While you might be getting chocolate or socks in your stocking Christmas morning, the tradition began with bags of gold.
Les Ellenor
Former English professor Les Ellenor explains the significance of magical oranges at Christmas.

"The stockings were hung by the chimney with care," reads Clement Clarke Moore's well-loved Christmas poem.

Written in 1822, Moore introduced Santa's sleigh and reindeer to a world familiar with St. Nicholas, the patron saint of children.

The tradition of hanging stockings, however, began long before.

St. Nicholas was the bishop of Myra in Asia Minor (Turkey)," says Les Ellenor, retired Okanagan College English professor. "He was a very generous man and he heard about three girls who could not marry because they didn’t have dowries. So he climbed up on the roof of their house and dropped three bags of gold down the chimney."

The year was 230 AD and the bags landed in the girls' stockings, which were drying by the fire, says Ellenor.

Before science proved the Earth orbits around the sun on an annual basis, by  December, people in the Northern Hemisphere were worried the short, dark days of winter would never give way to the warmth of spring.

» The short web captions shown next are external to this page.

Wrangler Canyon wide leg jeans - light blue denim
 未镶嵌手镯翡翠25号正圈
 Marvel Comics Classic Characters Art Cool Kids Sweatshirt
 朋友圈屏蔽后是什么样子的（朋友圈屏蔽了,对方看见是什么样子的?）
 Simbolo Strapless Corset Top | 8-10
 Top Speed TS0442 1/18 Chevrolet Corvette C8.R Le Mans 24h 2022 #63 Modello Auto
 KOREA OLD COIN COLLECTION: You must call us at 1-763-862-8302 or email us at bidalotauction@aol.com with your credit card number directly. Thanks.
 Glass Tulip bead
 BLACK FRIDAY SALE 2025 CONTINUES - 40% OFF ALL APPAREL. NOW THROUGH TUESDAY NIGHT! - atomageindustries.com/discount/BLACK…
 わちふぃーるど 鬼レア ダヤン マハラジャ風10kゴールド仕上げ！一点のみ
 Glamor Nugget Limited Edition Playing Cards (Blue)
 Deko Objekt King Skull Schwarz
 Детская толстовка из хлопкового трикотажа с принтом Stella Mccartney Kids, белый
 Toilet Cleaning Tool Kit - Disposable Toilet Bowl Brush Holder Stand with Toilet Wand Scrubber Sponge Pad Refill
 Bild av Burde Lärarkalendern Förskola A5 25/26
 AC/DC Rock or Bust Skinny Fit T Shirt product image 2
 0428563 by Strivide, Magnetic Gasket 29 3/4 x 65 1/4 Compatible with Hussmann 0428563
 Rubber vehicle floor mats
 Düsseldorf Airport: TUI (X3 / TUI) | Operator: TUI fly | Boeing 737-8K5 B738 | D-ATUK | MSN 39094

"Everybody worships the sun and has done for millions of years; the sun is life-giving," Ellenor says, noting the sun remains static for about four or five days at the solstices, with winter officially beginning Dec. 21 or 22.

If the sun didn’t come back, crops failed and people starved, as happened more than once when winter held its grip.

"They had to do magic in order to bring back the sun, and one of the ways they did it was with pudding; they would make a bowl and set fire to the pudding."

In Scotland, people rolled flaming barrels of oil down the hill in order to encourage the sun.

People would light bonfires to show the sun how to be warm and hot.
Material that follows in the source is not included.